The Grand Challengers Podcast Episode #66

A veteran’s three acts, the ability curve and reinventing the knife

Guest: Douglas Katz

July 7th, 2026


Overview

“If you designed a knife for a robot, it wouldn’t look like the linear knife that we have today.” With one sentence, Douglas Katz turns an object most of us never think about into a question worth an hour and a half of conversation. Why is a tool shaped by thousands of years of stabbing and survival still treated as the pinnacle of kitchen design? And what happens when you start from the body instead?

Douglas is a West Point graduate, a disabled US Army veteran and a lifelong inventor who tells his story in three acts. The first is the military, which he describes as a leadership lab built on character, autonomy and the expectation that you leave your team better than you found it.
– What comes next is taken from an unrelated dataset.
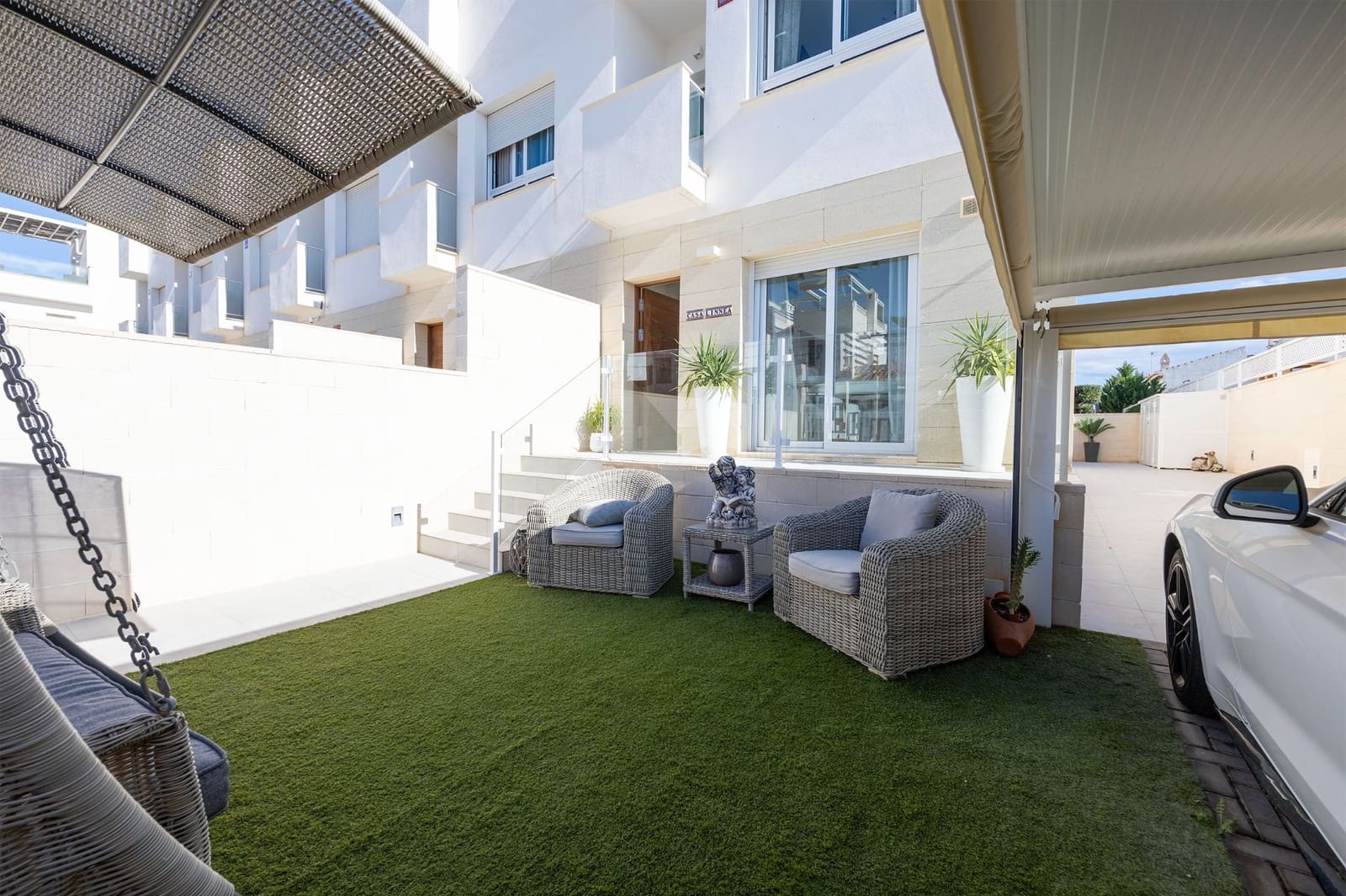 2 bedroom Villa for sale in Torrevieja with pool - € 340,000 (Ref: 9402886)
The second is corporate America, a long and often grim chapter where the same instincts that made him valuable were treated as liabilities. The third is the one he was always meant for. After injuries made cooking painful, he forged a new kind of blade from a circular saw blade in his own workshop, and the joy of using it set everything else in motion.
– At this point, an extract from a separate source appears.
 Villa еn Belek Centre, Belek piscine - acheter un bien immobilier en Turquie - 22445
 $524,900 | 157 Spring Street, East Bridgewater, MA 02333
That blade became NULU, an adaptive kitchen knife inspired by the traditional Inuit ulu and built on a concept his team calls force transfer geometry. From the product grew a philosophy. Ability and disability, Douglas argues, are not a binary switch or an identity. They are task-based, and they sit on a curve that every one of us travels. We will all age into disability, so designing for it is not charity, it is foresight that serves everyone.

In this episode Peter and Douglas move from Aikido and the power of softness, through a clear 101 on barrier-free, accessible, universal, inclusive and adaptive design, to ADHD reframed as a feature set rather than a bug. They get into AI as an “infinite assistant”, why pattern recognition may be the skill that defines the next era, and a quiet story about a banjo that taught Douglas more about acceptance than any business book. It is honest, funny and genuinely reframing. Full resources and links are below.

Episode Teaser

Teaser caption…

Biography

“…We are all going to age into disability…”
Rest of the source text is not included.